Love believed cab drivers weren't covered by workers' comp thanks to an exemption in state law that prevents cabbies and 26 other types of workers (including golf caddies and newspaper carriers) from filing such claims. But his cabbie, Sherry Valadas, ended up winning an undisclosed amount plus $4,700 in attorney fees from SAIF Corp., the state-owned workers' comp insurer, for her claim in April 2005. The driver had suffered a strained pelvis in her accident after transporting a disabled passenger for TriMet.
And that's put Love, who owns Pacificab of Hillsboro, at the center of a statewide showdown between SAIF and cab companies across Oregon, who employ about 1,400 taxi drivers and chauffeurs.
The battle is over the state's current definition of a cab driver and whether someone driving a fare under a large umbrella contract—in this case, transporting disabled passengers for TriMet—can file a claim.
SAIF thinks cab companies should have to pay insurance premiums for such drivers because they aren't doing taxi work as defined by the sta te exemption: In the case of transporting disabled passengers, SAIF says the route is determined by the contract with TriMet, not the cab passenger. Other businesses that sign umbrella contracts with cab companies include Providence hospitals. And in Eugene, Oregon Taxi—also being chased by SAIF for premiums—contracts with the state to provide transportation for medical patients.
Since Love's cabbie won her claim, SAIF has sought premium payments averaging $5,610 a year for each driver from other cab companies. So far, SAIF's arguments have prevailed with the administrative law judges who decide disputes between SAIF and the companies it insures.
"It's not like we have targeted anybody," says SAIF spokesman Chris Davie. "We're just trying to make sure that we're collecting the premium that people ought to be paying for the exposure that they have."
Cab companies say those drivers are still exempted and that SAIF is equivocating over a technicality—who decides the route of a cab ride.
They say to make their businesses pay workers' comp premiums as if drivers were employees instead of independent contractors would require them to ask the local governments that regulate them to double fares.

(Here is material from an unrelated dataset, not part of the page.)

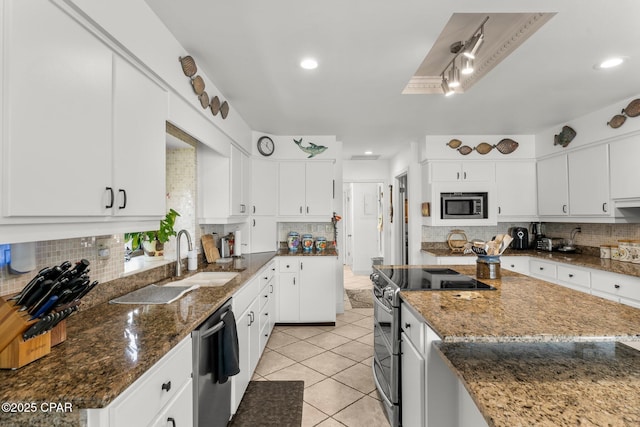 1110 Redfish Cir, Panama City, FL 32408 - kitchen with appliances with stainless steel finishes, a sink, tasteful backsplash, light tile patterned floors, and recessed lighting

"Even if I won right now, I think it'd put us out of business," said Tim O'Conner, owner of Milwaukie-based Sassy's Cab, which operates a small fleet of 17 cabs with 22 drivers.
Steve Entler, general manager of Portland-based Radio Cab, says the contract work that SAIF takes issue with is only about 10 percent of his company's business. But Entler's not waiting to see how the dispute plays out.
His company, which fields about 100,000 calls a month for 300-plus drivers, has lobbied to have a bill introduced in the Oregon Senate. The bill, SB 688, would broaden the workers' compensation exemption for cabbies to make clear that anyone who drives a cab for a living is not subject to workers' comp.
"As an employer, it concerns me," says Entler, who pays insurance premiums for his office staff of just under 50 people. "People should have medical coverage. Unfortunately, SAIF's form of protection is prohibitively expensive."
Davie says SAIF doesn't oppose the bill sought by Radio Cab, but it does want clearly defined rules to follow.
"We would like to have a nice, very clear, bright standard that everyone understands,'' Davie says. "But our experience in the past few years is, that standard is kind of muzzy."